| Exercise description |
Would you please transcribe the records below exactly, leaving out the pictures?

##### Data for processing

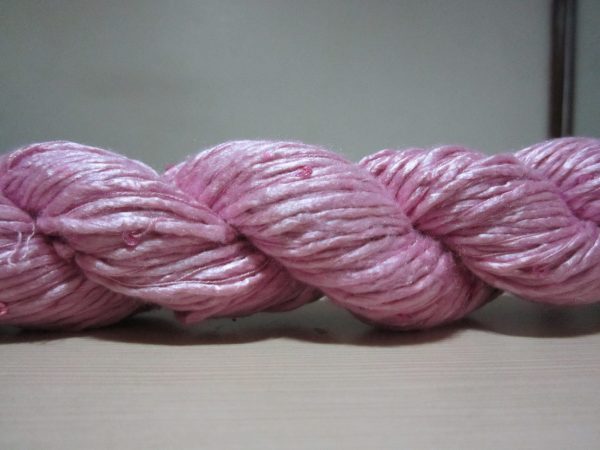 Spun Silk Yarn SEQ - Baby Pink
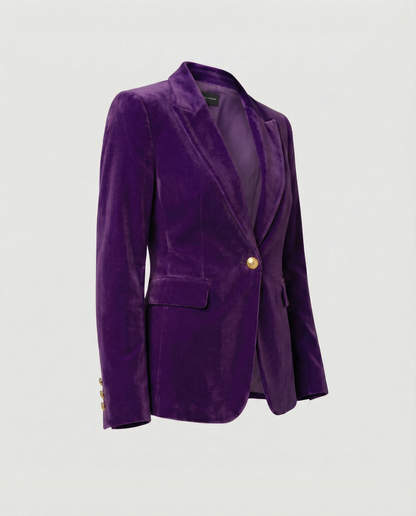 Eveloria Damen Wendeblazer Retrodruck Polyester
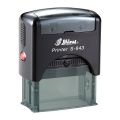 Shiny self inking stamps S-843 medium size printer with customize name and address  Online Stamp House. 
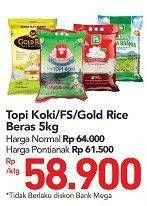 Promo Harga Topi Koki/FS/Gold Rice Beras  - Carrefour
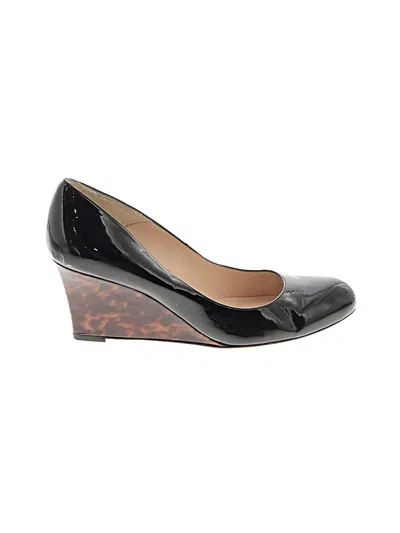 Pre-owned Lk Bennett Wedges In Black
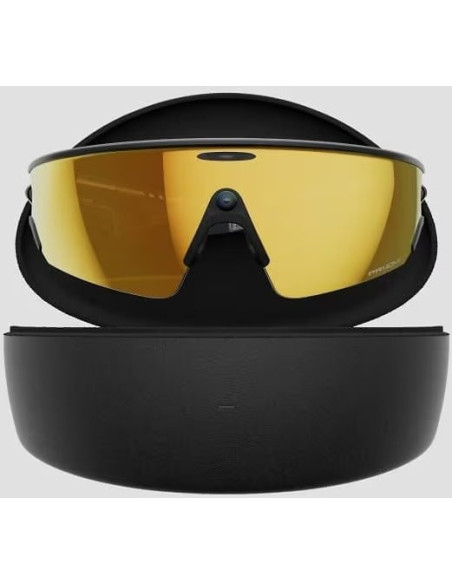 Meta Oakley Vanguard prizm black lenses, white frame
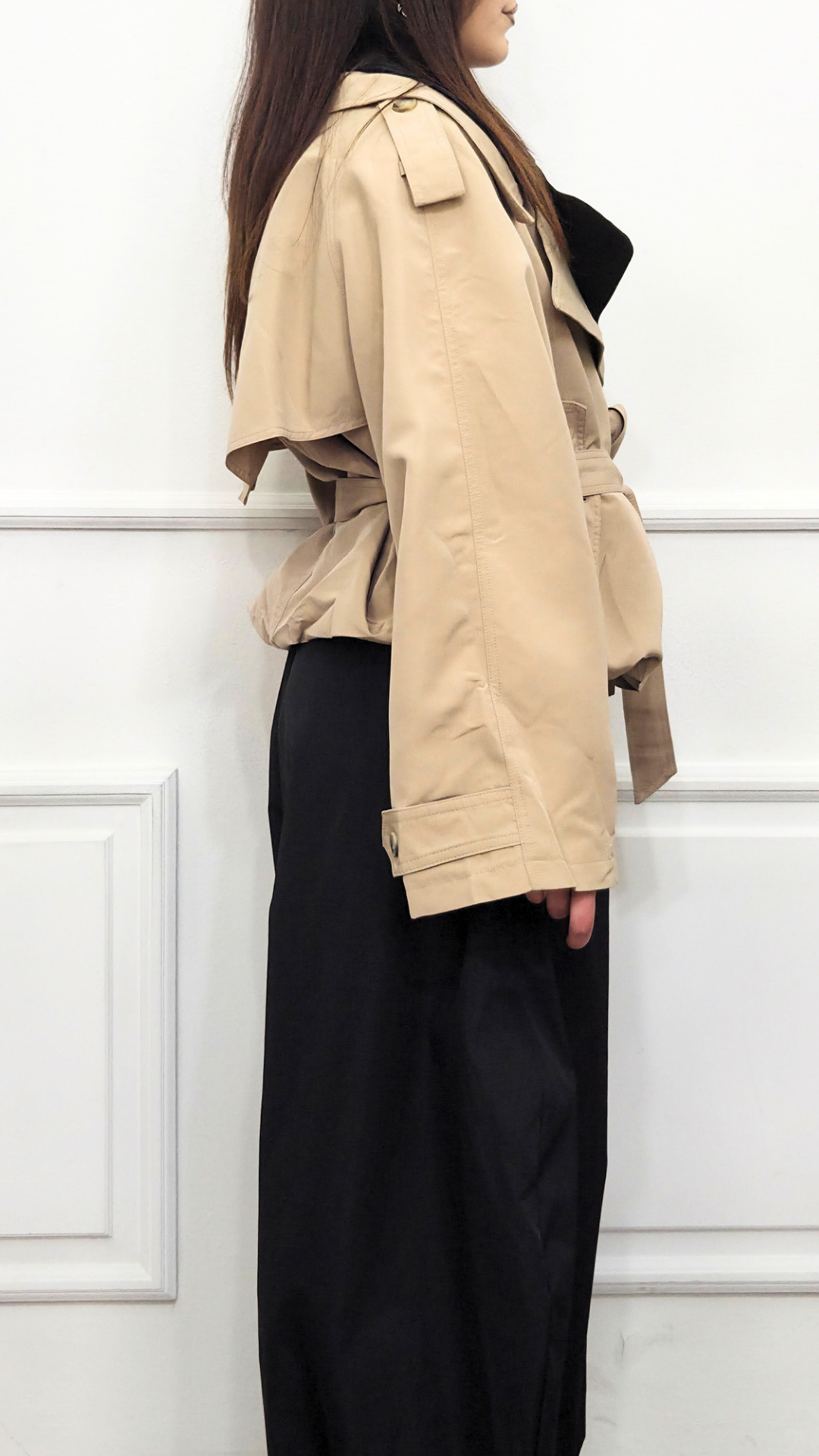 Trench Corto City Elegance
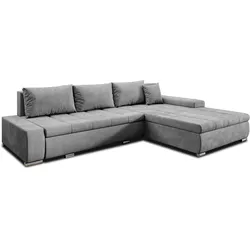 ECKSOFA L Form Tunceli Grau 297/210/85 cm – modernes Sofa fürs Wohnzimmer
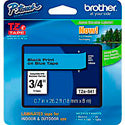 Brother TZe541 0.7 in x 26.2 ft (18 mm x 8 m) Black on Blue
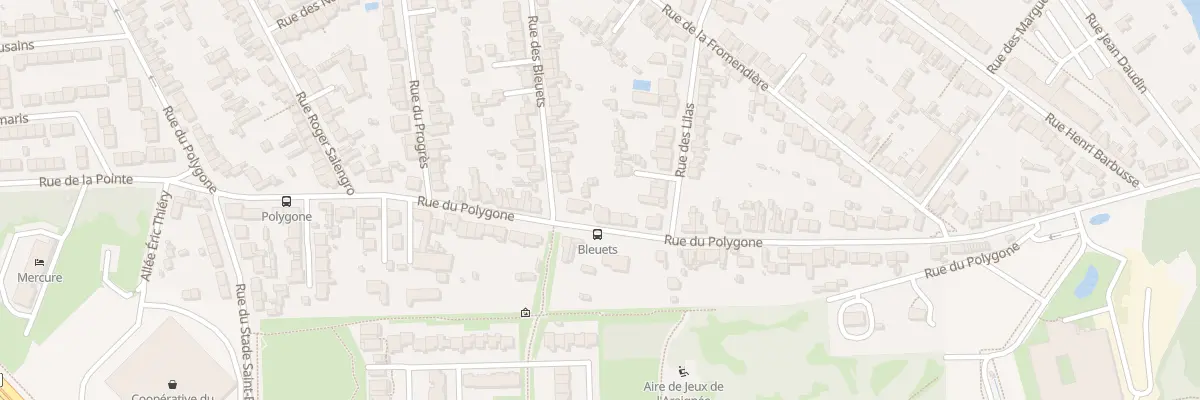 Plan du 147 Rue du Polygone au Mans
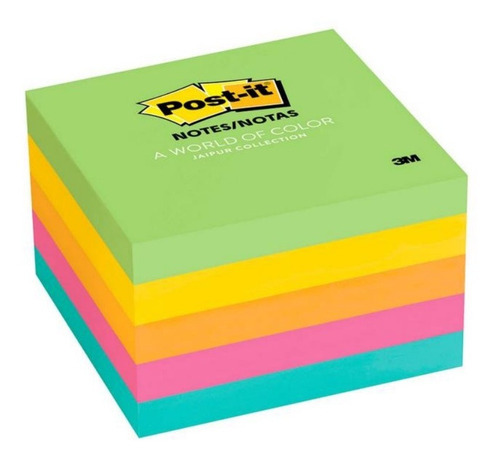 Notas Adhesivas 3m Post It 3x3 Jaipur 5 Block 76x76mm 500hjs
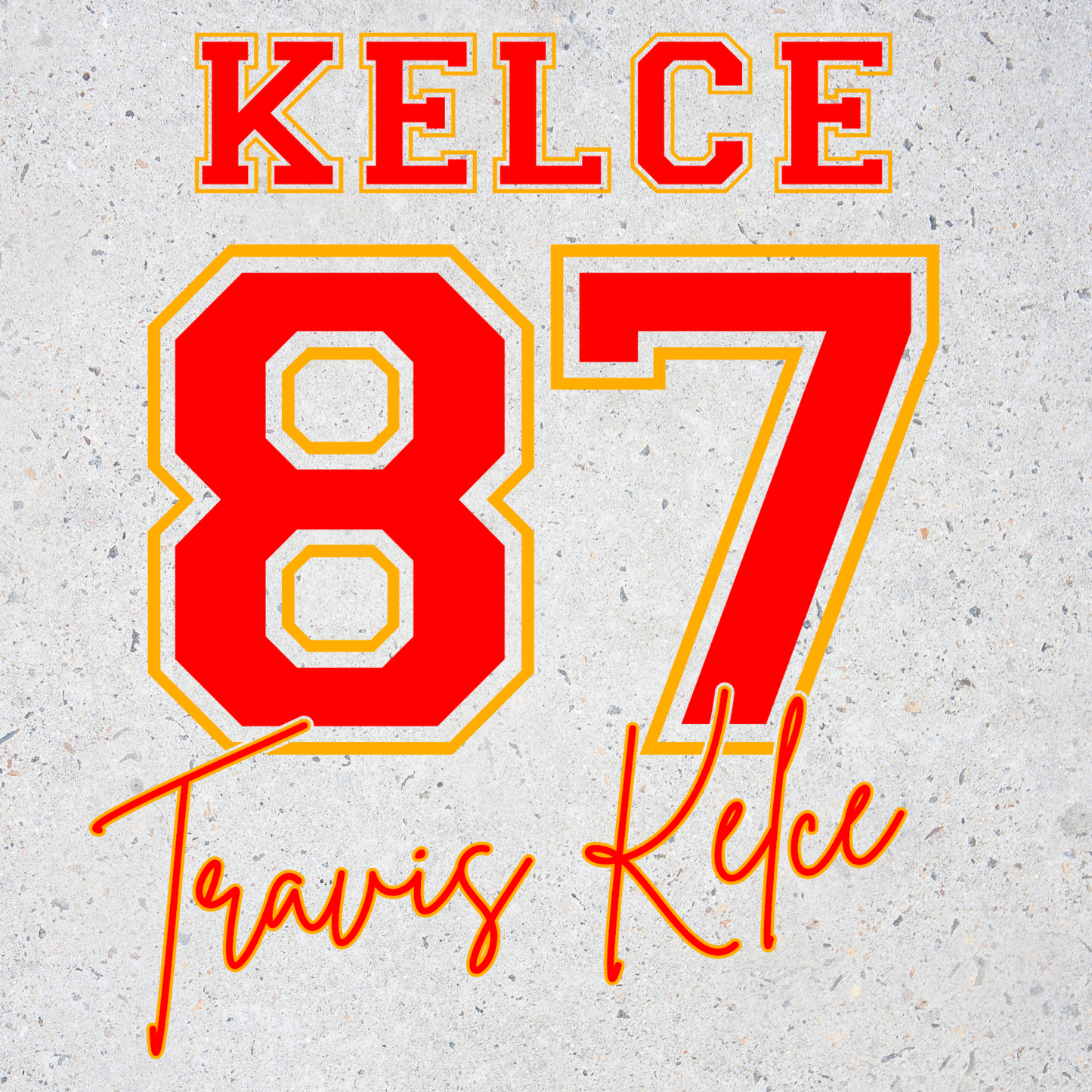 Kelce 87 With Signature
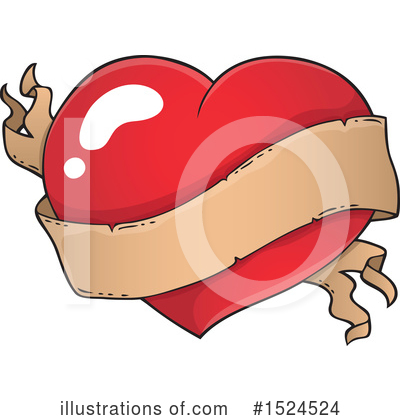 Royalty-Free (RF) Heart Clipart Illustration by visekart - Stock Sample #1524524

##########

| Task result |
 Spun Silk Yarn SEQ - Baby Pink
 Eveloria Damen Wendeblazer Retrodruck Polyester
 Shiny self inking stamps S-843 medium size printer with customize name and address  Online Stamp House. 
 Promo Harga Topi Koki/FS/Gold Rice Beras  - Carrefour
 Pre-owned Lk Bennett Wedges In Black
 Meta Oakley Vanguard prizm black lenses, white frame
 Trench Corto City Elegance
 ECKSOFA L Form Tunceli Grau 297/210/85 cm – modernes Sofa fürs Wohnzimmer
 Brother TZe541 0.7 in x 26.2 ft (18 mm x 8 m) Black on Blue
 Plan du 147 Rue du Polygone au Mans
 Notas Adhesivas 3m Post It 3x3 Jaipur 5 Block 76x76mm 500hjs
 Kelce 87 With Signature
 Royalty-Free (RF) Heart Clipart Illustration by visekart - Stock Sample #1524524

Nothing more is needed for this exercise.